_Data shown_
########################################

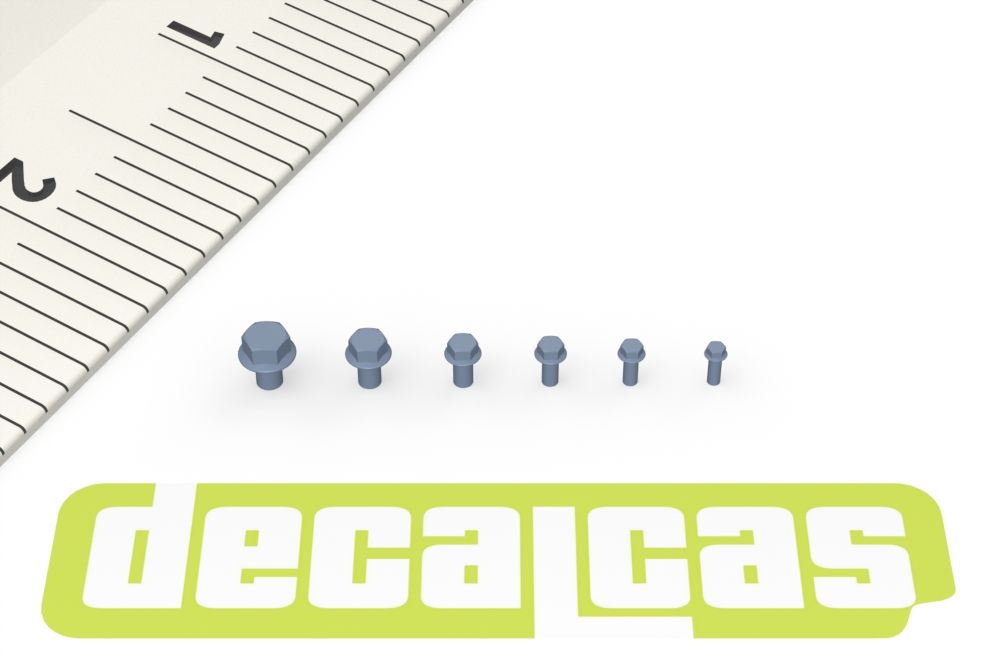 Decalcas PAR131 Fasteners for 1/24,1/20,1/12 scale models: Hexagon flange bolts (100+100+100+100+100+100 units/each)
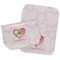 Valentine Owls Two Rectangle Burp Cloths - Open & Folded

########################################

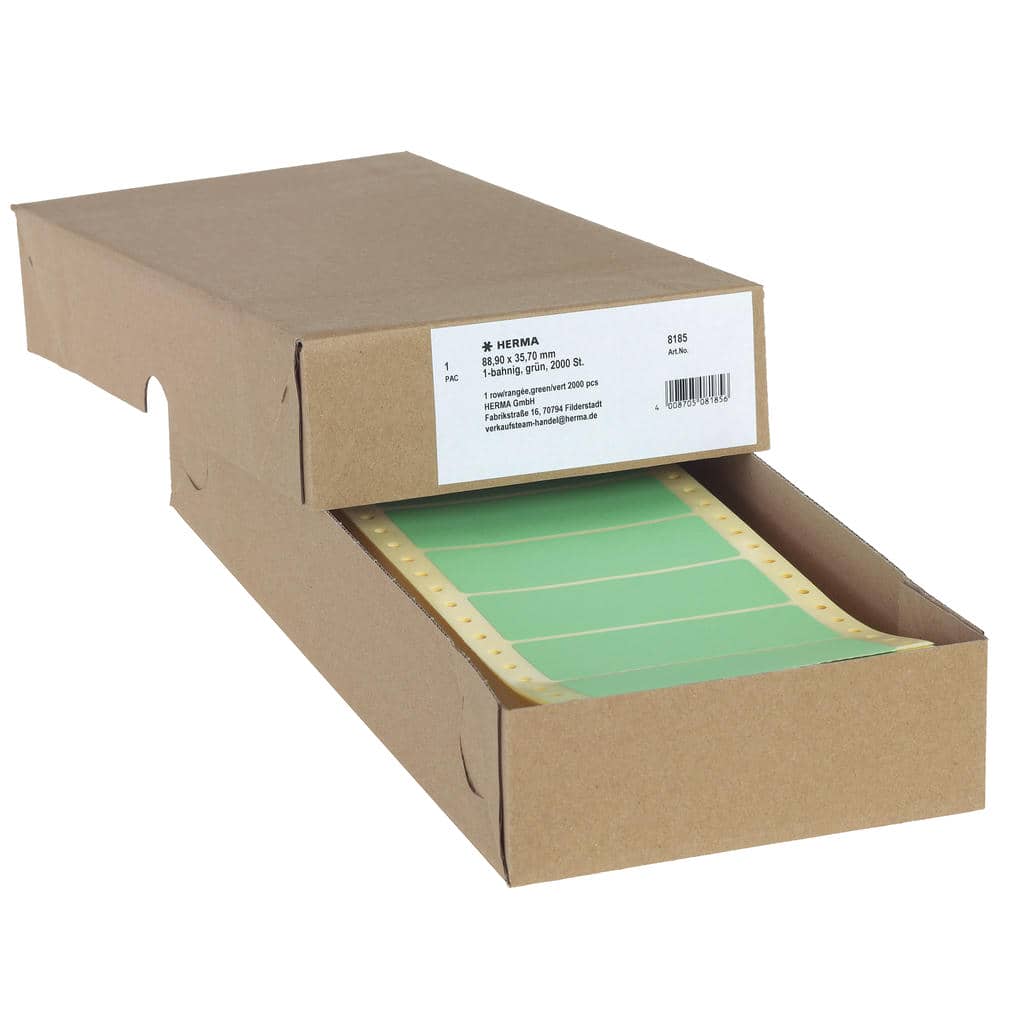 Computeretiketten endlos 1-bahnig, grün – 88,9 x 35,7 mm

########################################

_Exercise requirements_
Among the records above, locate the line containing "Decalcas PAR131 Fasteners" and the line containing "Valentine Owls Two", then transcribe exactly the lines starting at the first and ending at the second, with no pictures.

_Output of the task_
 Decalcas PAR131 Fasteners for 1/24,1/20,1/12 scale models: Hexagon flange bolts (100+100+100+100+100+100 units/each)
 Valentine Owls Two Rectangle Burp Cloths - Open & Folded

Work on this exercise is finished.